The this pointer of a C++ class instance points to the internal class object built by the C++ compiler. A C++ class with virtual functions contains a vtable to access those functions. Because the vtable is the first object in the C++ class object, the this pointer is in effect a pointer to a pointer to a vtable. That is, it has the same binary layout as a COM interface.
Why we have to use the corresponding interface pointer as the this parameter.
There are of course other means to do that, as long as you are the implementer of the component.
But this is not the case for the clients of our component. When the component is built using the COM way, clients of our component know nothing about the internals of our component. Clients can only take hold of the interface pointer, and this is the very pointer that will be passed into the interface method as the this parameter. Under this expectation, the compiler has no choice but to generate the interface method's code based on this specific this pointer.
So the above reasoning leads to the result that:
It must be assured that each function in a vtable must recieve the corresponding interface pointer as its "this" parameter.

COM interface

To summarize, it is important to understand what a COM interface is, and is not:
  1. The pure virtual definition carries no implementation. If you are a C++ programmer, you can define your implementation of an interface as a class, but this falls under the heading of implementation details, which COM does not specify. An instance of an object that implements an interface must be created for the interface actually to exist. Furthermore, different object classes may implement an interface differently yet be used interchangeably in binary form, as long as the behavior conforms to the interface definition.
  2. A COM interface is not an object and is simply a related group of functions. A COM interface is the binary standard through which clients and objects communicate. As long as it can provide pointers to interface methods, the object can be implemented in any language with any internal state representation.
  3. COM interfaces are strongly typed. Every interface has its own interface identifier (a GUID), which eliminates the possibility of duplication that could occur with any other naming scheme.

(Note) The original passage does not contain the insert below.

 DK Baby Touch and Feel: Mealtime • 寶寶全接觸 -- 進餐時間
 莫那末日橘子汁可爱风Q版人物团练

  4. COM interfaces are immutable. You cannot define a new version of an old interface and give it the same identifier. Adding or removing methods of an interface or changing semantics creates a new interface, not a new version of an old interface. Therefore, a new interface cannot conflict with an old interface. However, objects can support multiple interfaces simultaneously and can expose interfaces that are successive revisions of an interface, with different identifiers. Thus, each interface is a separate contract, and systemwide objects need not be concerned about whether the version of the interface they are calling is the one they expect. The interface ID (IID) defines the interface contract explicitly and uniquely.